* _EXERCISE OBJECTIVE_:
Output the lines of the entries below beginning at the one with "A man standing" and ending with the last, exactly as written and without pictures.

── SUPPLIED INFORMATION

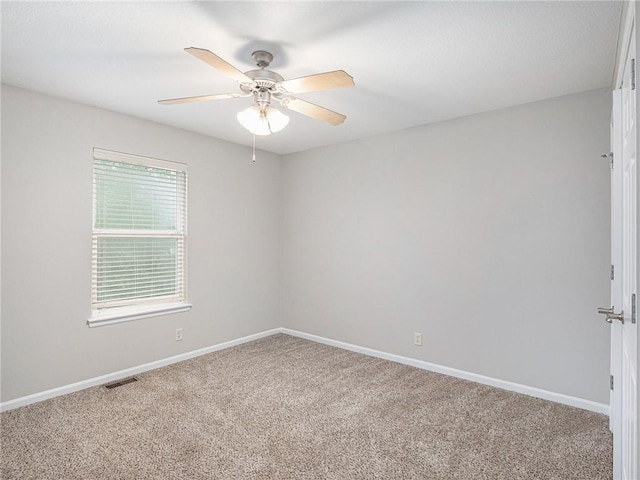 unfurnished room with a ceiling fan, carpet, visible vents, and baseboards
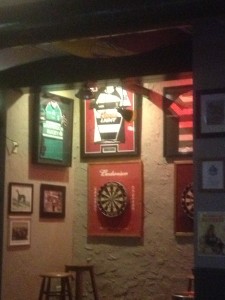 Some framed rugby jerseys where you can play some darts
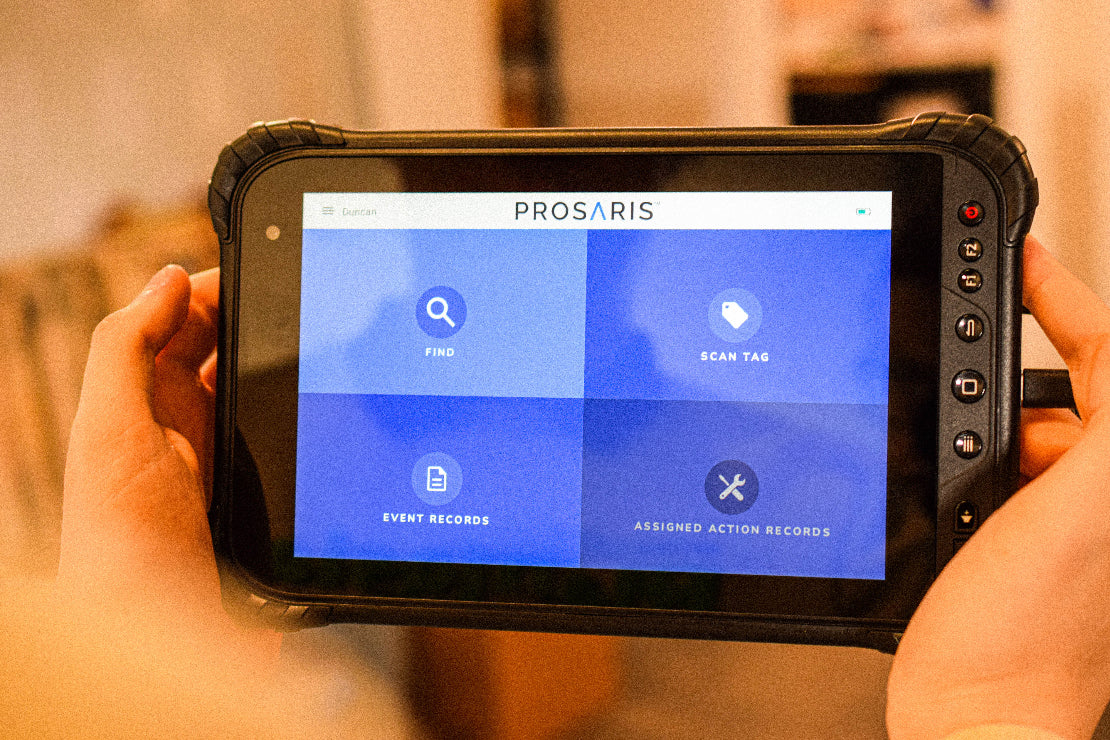 A person is holding a tablet that is displaying the App's home screen. Options to Find a leak, Scan a tag, view event records, and view assigned action records are on-screen.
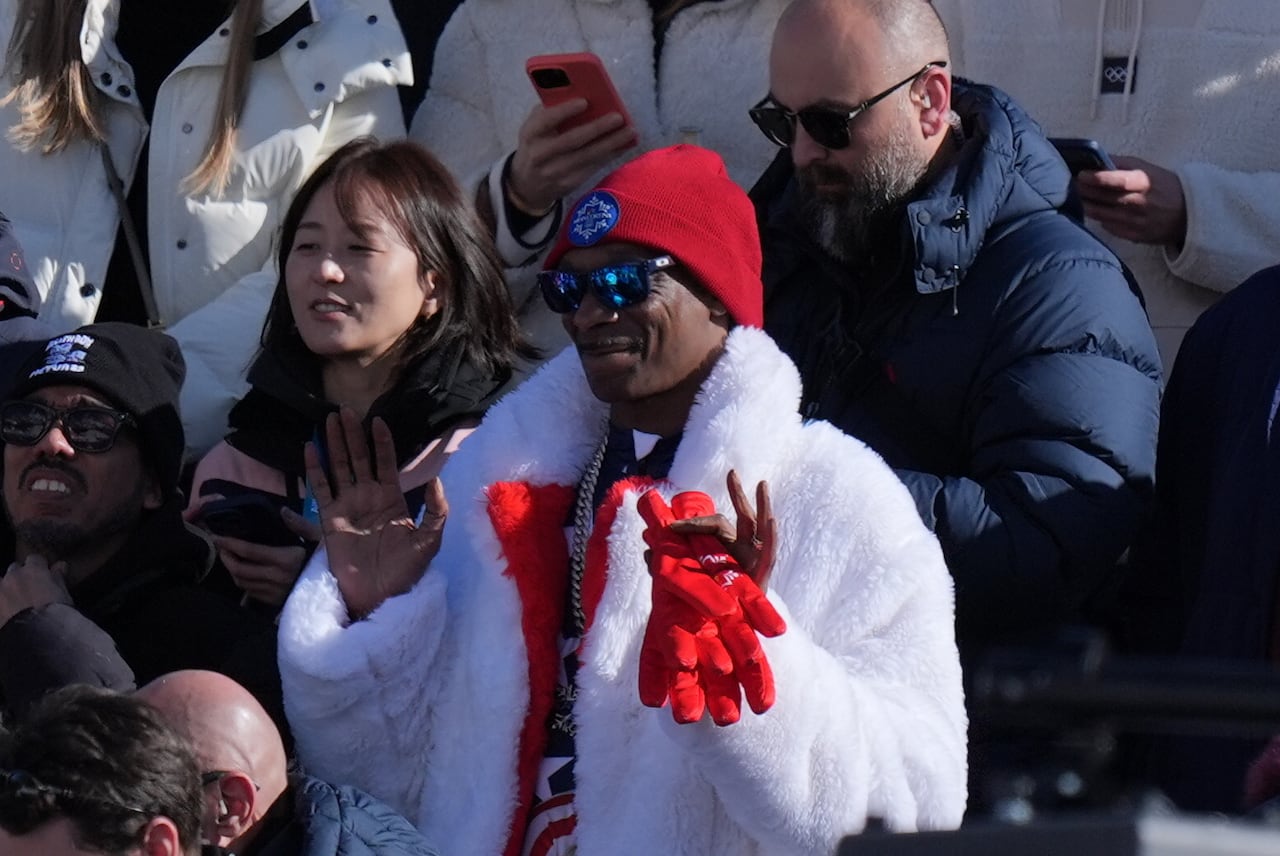 A man standing in a crowd in a white fur coat holding red gloves.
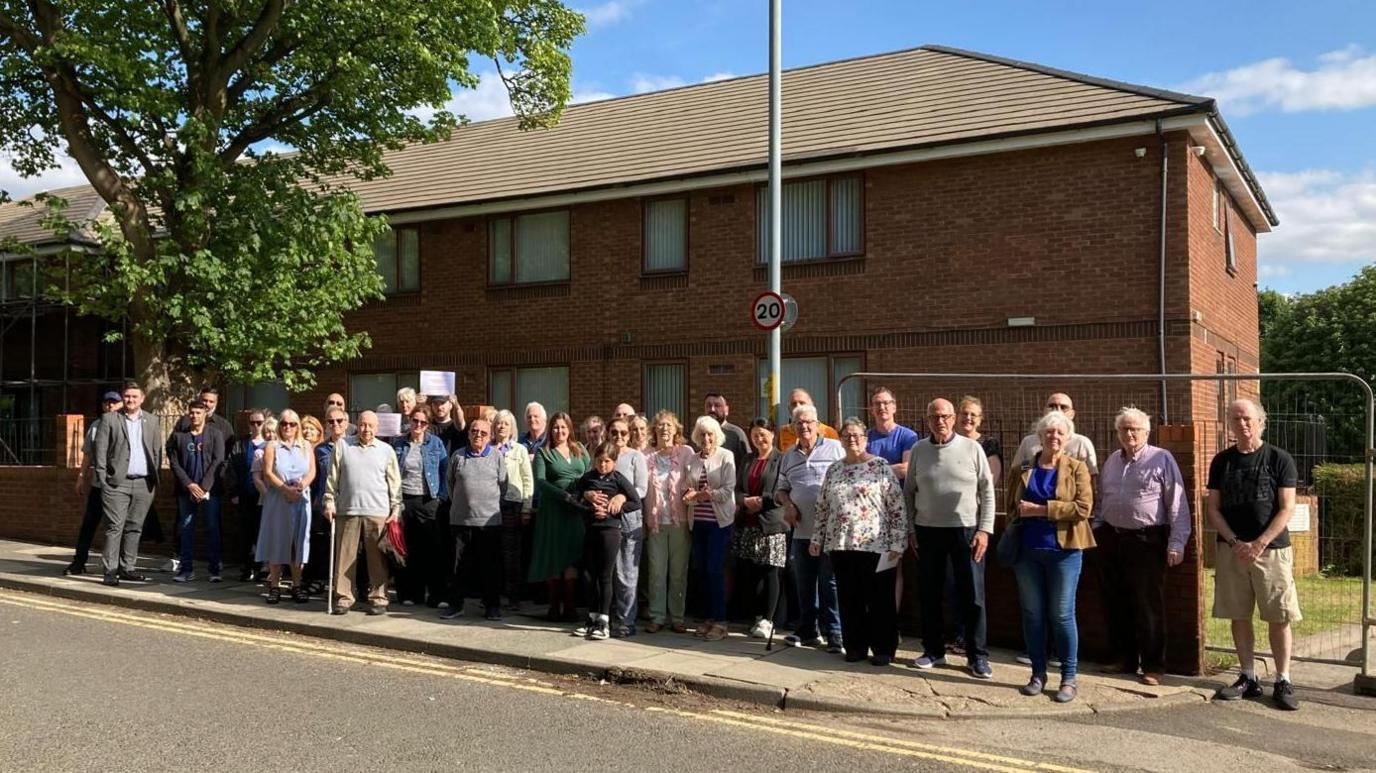 Group of 40 odd people standing outside a brick building looking at the camera. They are all dressed in various clothes. It is a sunny day.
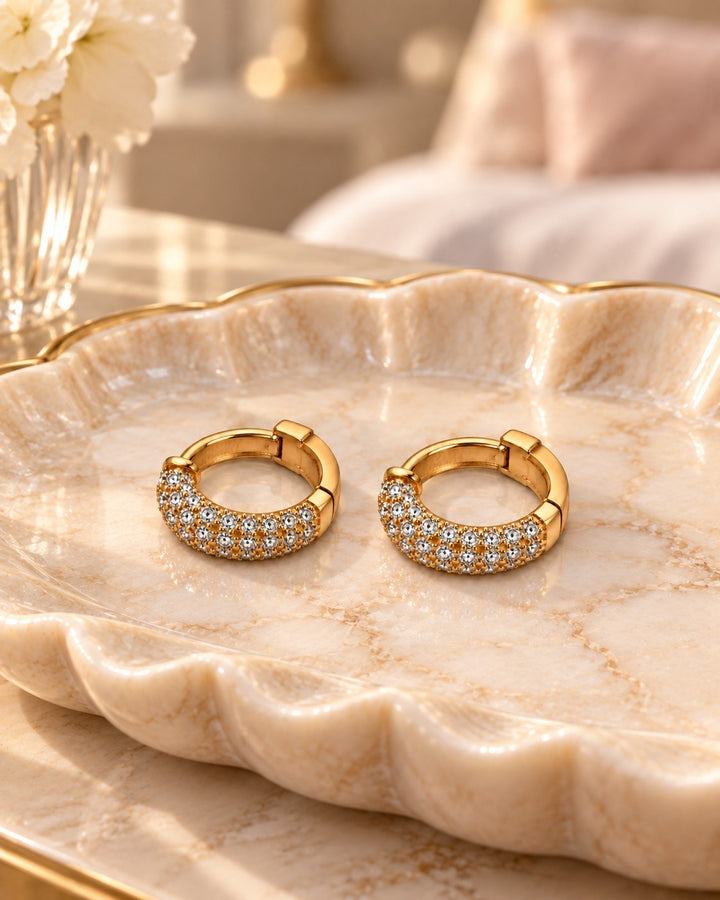 Elli Jewellery gold plated huggie hoop earrings with sparkling diamanté stones resting on a decorative marble tray.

────

* _TASK RESULT_:
 A man standing in a crowd in a white fur coat holding red gloves.
 Group of 40 odd people standing outside a brick building looking at the camera. They are all dressed in various clothes. It is a sunny day.
 Elli Jewellery gold plated huggie hoop earrings with sparkling diamanté stones resting on a decorative marble tray.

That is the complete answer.